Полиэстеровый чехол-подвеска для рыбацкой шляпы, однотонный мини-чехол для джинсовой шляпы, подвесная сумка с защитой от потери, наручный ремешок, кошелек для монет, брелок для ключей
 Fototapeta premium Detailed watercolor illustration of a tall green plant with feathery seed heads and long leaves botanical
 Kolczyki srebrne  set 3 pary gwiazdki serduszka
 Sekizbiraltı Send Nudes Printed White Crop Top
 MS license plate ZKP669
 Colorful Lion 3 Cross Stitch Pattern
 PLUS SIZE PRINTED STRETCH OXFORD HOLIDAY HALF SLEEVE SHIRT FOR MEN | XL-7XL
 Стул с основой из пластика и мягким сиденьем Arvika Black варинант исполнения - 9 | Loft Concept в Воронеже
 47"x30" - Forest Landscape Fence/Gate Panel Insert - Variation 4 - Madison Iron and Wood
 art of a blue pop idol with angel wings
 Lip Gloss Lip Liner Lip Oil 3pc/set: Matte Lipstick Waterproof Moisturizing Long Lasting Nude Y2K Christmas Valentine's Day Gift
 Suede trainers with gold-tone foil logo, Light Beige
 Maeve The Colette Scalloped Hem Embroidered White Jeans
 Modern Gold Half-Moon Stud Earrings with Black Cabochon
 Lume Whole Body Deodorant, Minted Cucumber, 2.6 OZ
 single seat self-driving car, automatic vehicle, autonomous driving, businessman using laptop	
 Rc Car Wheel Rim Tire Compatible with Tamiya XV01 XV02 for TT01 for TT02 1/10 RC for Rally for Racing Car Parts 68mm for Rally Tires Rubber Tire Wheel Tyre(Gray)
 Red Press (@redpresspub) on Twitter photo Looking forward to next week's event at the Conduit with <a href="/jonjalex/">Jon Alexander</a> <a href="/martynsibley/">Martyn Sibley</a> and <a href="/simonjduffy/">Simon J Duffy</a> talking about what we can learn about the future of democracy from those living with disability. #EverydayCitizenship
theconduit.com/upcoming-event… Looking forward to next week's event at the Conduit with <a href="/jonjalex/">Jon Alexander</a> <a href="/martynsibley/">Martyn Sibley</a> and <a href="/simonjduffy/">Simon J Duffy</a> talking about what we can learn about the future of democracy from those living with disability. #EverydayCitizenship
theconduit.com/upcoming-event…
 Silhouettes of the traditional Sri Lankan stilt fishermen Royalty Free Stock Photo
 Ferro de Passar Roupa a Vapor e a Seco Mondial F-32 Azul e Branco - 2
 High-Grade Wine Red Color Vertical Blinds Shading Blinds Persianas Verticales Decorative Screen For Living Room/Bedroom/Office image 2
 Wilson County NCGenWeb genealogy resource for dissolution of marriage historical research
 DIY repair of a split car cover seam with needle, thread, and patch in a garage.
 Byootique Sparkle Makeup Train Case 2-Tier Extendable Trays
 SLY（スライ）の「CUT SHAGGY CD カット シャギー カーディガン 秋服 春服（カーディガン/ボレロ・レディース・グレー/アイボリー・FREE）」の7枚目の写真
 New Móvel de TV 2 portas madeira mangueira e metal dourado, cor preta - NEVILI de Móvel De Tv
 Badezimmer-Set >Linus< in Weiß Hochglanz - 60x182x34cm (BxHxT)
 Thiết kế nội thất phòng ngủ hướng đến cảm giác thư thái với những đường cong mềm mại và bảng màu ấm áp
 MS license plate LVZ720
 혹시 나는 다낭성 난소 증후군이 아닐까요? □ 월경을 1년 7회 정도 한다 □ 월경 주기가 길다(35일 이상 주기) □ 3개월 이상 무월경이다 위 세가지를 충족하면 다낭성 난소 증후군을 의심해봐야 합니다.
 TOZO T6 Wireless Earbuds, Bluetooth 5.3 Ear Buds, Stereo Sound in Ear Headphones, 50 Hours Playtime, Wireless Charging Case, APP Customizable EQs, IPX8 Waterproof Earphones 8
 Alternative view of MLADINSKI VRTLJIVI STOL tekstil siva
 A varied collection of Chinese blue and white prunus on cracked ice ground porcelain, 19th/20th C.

---+---

ASSIGNMENT ▸ Which lines in the data above hold the word "week"? Return each of them.

REPLY ▸
 Red Press (@redpresspub) on Twitter photo Looking forward to next week's event at the Conduit with <a href="/jonjalex/">Jon Alexander</a> <a href="/martynsibley/">Martyn Sibley</a> and <a href="/simonjduffy/">Simon J Duffy</a> talking about what we can learn about the future of democracy from those living with disability. #EverydayCitizenship
theconduit.com/upcoming-event… Looking forward to next week's event at the Conduit with <a href="/jonjalex/">Jon Alexander</a> <a href="/martynsibley/">Martyn Sibley</a> and <a href="/simonjduffy/">Simon J Duffy</a> talking about what we can learn about the future of democracy from those living with disability. #EverydayCitizenship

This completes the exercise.